▶ [Exercise directions]: Reproduce the lines below verbatim. Pictures are to be omitted.

▶ [Data extract]:
==============================

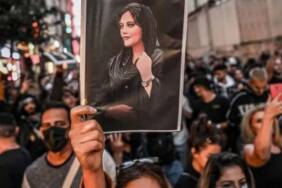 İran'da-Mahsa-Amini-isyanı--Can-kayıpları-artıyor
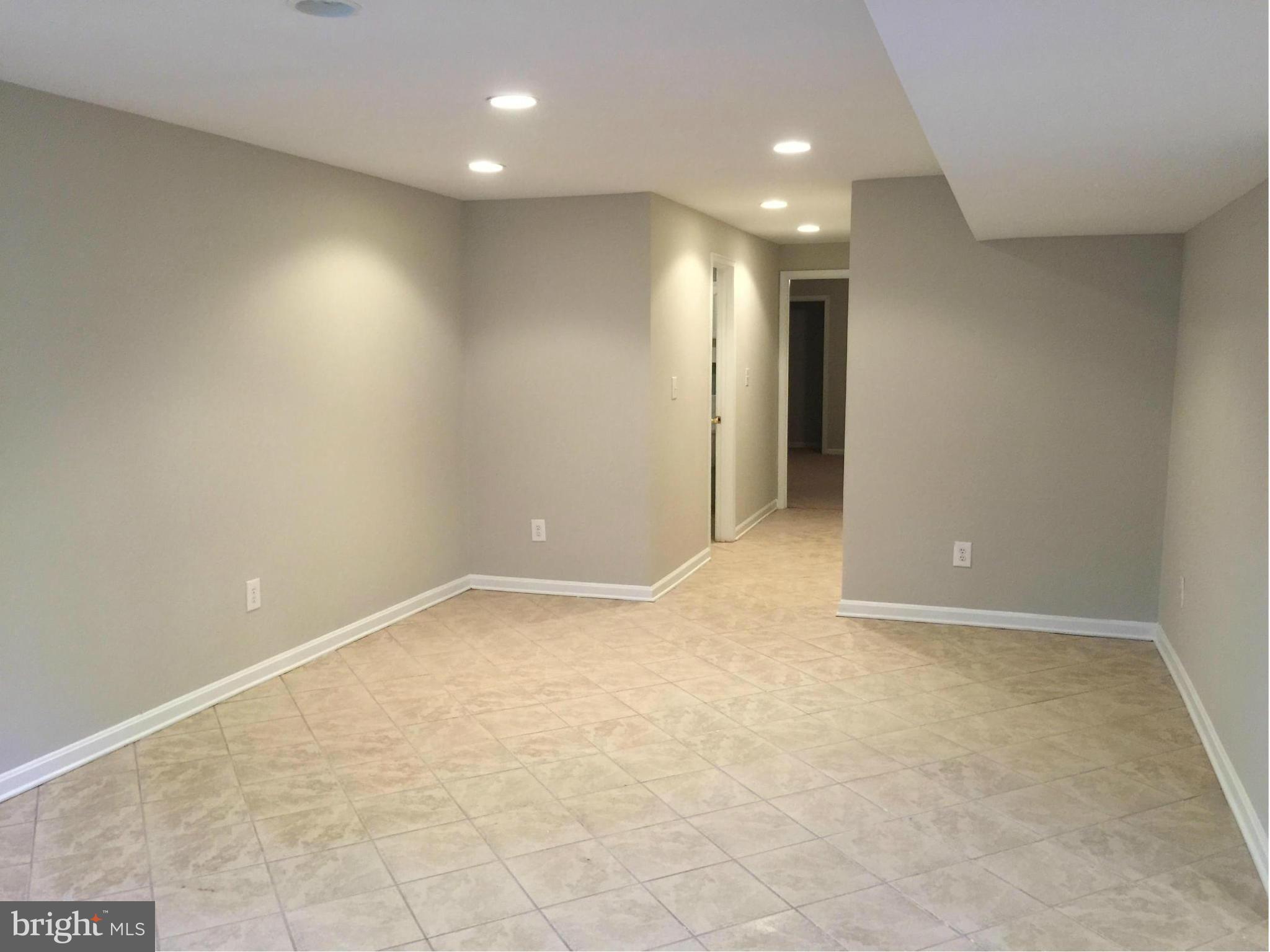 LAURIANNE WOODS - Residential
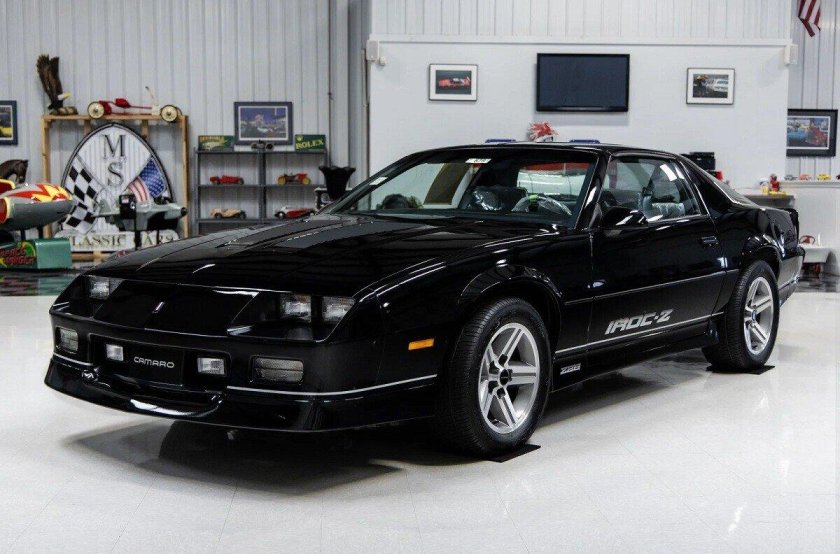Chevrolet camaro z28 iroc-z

==============================

▶ [Problem solution]:
 İran'da-Mahsa-Amini-isyanı--Can-kayıpları-artıyor
 LAURIANNE WOODS - Residential
Chevrolet camaro z28 iroc-z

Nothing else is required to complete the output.